Resting behaviour & Swarming

Males have been seen swarming at a lake margin Oldroyd (1939).

Blood feeding

There is very little detailed information on the host range of Chrysops relictus, nor it seems of any other European Chrysops species. Chrysops relictus is known to feed on large mammals including cattle, horses and deer Davies et al. (1971) caught Chrysops relictus and several other tabanid species off cows in Norway.

However, it is also much more ready to bite man than many tabanid species. Grayson (1997) reports that females attack in ones and twos, and almost invariably encircle the top and back of the head several times before alighting. Unlike Chrysops caecutiens they may alight and bite on the torso and arms as well as on the hair. The image below shows a female taking a human blood meal.

Gouteux et al. (1989) found that two African species (Chrysops silacea and Chrysops dimidiata) took 89-90% of their blood meals from humans, and the rest from hippopotamuses, rodents, wild ruminants and monitor lizards. None was from domestic animals despite the availability of sheep and goats. Chrysops hirsuticallus in California preferred feeding on cattle and deer, but also fed on small mammals (Lane & Anderson, 1982).

Nectar feeding & puddling

Males have been seen visiting the flowers of water mint and water-dropwort (Oldroyd (1939))

Breeding sites

Chrysops relictus larvae develop as predators in wet mud and debris at the margins of streams and pools. Oldroyd (1939) reports that pupae have been found in sand by a lake.

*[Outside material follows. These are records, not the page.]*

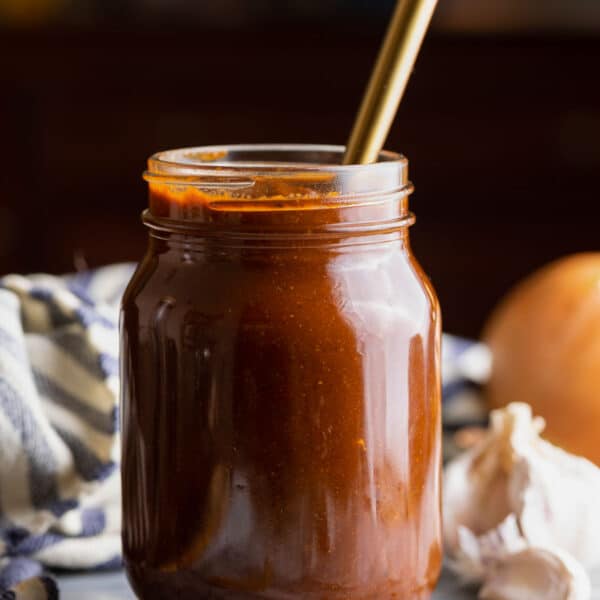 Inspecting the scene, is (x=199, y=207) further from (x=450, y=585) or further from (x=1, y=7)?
(x=1, y=7)

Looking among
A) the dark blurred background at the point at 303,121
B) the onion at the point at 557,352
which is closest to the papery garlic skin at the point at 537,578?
the onion at the point at 557,352

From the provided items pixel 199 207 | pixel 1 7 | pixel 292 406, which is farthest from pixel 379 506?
pixel 1 7

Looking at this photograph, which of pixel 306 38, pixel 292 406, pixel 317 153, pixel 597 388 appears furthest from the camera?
pixel 306 38

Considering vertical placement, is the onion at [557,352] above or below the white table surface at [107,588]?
above

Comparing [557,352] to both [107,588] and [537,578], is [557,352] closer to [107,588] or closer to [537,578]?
[537,578]

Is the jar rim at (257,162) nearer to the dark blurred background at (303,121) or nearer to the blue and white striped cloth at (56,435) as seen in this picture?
the blue and white striped cloth at (56,435)

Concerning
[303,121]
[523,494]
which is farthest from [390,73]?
[303,121]

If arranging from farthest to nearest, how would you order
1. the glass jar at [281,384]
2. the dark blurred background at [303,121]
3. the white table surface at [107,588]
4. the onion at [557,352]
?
the dark blurred background at [303,121] < the onion at [557,352] < the white table surface at [107,588] < the glass jar at [281,384] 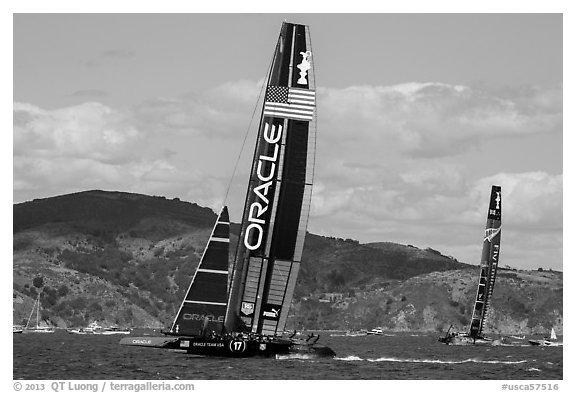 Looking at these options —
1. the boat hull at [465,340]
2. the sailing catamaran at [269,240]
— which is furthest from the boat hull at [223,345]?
the boat hull at [465,340]

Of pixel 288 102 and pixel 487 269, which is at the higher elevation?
pixel 288 102

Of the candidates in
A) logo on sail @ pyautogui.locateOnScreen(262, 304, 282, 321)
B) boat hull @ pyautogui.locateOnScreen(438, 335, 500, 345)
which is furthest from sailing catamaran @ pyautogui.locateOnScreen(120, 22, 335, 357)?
boat hull @ pyautogui.locateOnScreen(438, 335, 500, 345)

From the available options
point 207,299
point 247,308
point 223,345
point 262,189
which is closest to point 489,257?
point 247,308

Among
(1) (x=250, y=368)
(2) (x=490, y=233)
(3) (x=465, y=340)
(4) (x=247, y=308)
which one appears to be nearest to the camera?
(1) (x=250, y=368)

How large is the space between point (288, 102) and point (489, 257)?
182 feet

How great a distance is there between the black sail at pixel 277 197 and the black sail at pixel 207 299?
75cm

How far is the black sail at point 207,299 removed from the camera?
5941cm

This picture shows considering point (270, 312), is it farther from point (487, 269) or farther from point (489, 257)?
point (487, 269)

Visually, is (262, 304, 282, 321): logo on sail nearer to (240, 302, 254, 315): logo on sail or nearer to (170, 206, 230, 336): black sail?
(240, 302, 254, 315): logo on sail

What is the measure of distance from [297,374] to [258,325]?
574cm

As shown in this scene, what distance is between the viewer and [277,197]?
196ft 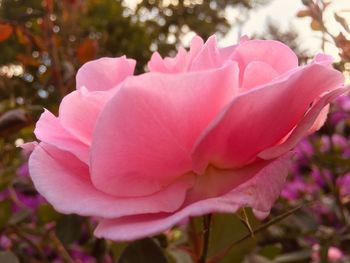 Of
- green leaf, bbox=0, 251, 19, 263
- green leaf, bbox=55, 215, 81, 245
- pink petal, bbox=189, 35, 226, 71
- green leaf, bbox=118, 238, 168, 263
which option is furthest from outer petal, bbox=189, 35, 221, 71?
green leaf, bbox=55, 215, 81, 245

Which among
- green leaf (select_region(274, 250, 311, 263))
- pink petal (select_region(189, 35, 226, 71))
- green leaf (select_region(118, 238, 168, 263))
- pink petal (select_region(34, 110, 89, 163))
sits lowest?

Trapping & odour attractants

Mizell et al. (2002) carried out a fascinating set of experiments to investigate the hierarchy of stimuli to induce attraction and settling of several Chrysops spp. The most important factors were, in order, height, movement, speed, dimensions, color, size, and contrast.

Some work has been done to test the effectiveness of different odour attractants for Chrysops relictus. In Croatia Krčmar et al. (2006) showed that canopy traps baited with aged cow, horse, sheep, or pig urine caught more Chrysops relictus (a total of 16 in 4 traps) than did the unbaited trap (0), but he found the differences were not statistically significant. Since the control (unbaited) traps failed to catch any of that species, no index of increase could be calculated. Similarly 4-methylphenol (one of the active chemicals in cow urine) increased the catch of Chrysops relictus from 2 to 34 but again the difference was not statistically significant. (Krčmar, 2007).

We have caught various Chrysops species using cow urine & acetone - baited NG2F traps in several habitat types in southern England (Brightwell & Dransfield, 2014). Catches of Chrysops relictus were highest in coastal grazing land, such as the Pevensey Levels and Rye Harbour (see photo below).


  • Bergersen, R., P. Straumfors, et al. (2004). The distribution of horse flies (Diptera: Tabanidae) in North Norway. Norwegian Journal of Entomology 51, 3-26.

  • Brightwell, R. & Dransfield, R.D. (2014). Survey of Tabanidae (horseflies) in southern England 2014. A preliminary survey of tabanids using odour-baited NG2F traps. 14 pp. Full text

  • Davies, D. M. et al. (1971). Observations on some Scandinavian Tabanidae (Diptera). Norsk ent. Tidsskr. 18, 113-117. Full text

  • Gouteaux, J.P. & Noireau, F. (1989) The host preferences of Chrysops silacea and C. dimidiata (Diptera: Tabanidae) in an endemic area of Loa loa in the Congo. Ann. Trop. Med. Parasit. 83(2) 167-172. Full text

  • Grayson, A. (1997). Personal notes on attacks by female tabanids. Larger Brachycera Recording Scheme Newsletter 15Full text

  • Krčmar, S. et al. (2006). Response of Tabanidae (Diptera) to different natural attractants. Journal of Vector Ecology 31(2), 262-265. Full text

  • Krčmar, S. (2007). Response of Tabanidae (Diptera) to canopy traps baited with 4-methylphenol, 3-isopropylphenol, and napthalene. Journal of Vector Ecology 31(2), 188-192. Full text

  • Lane, R.S. & Anderson, J.R. (1982) The reproductive life history and blood meal sources of Chrysops hirsuticallus (Diptera: Tabanidae). Journal of Medical Entomology 19 (2), 157-163. Abstract

  • Mizell, R.F. et al. (2002). Trolling: a novel trapping method for Chrysops spp. (Diptera: Tabanidae). Florida Entomologist 85 (2), 356-366. Abstract Full text

  • Oldroyd, H. (1939). Brachycera. In: F.W. Edwards et al. British blood-sucking flies. British Museum (Nat. Hist.), London.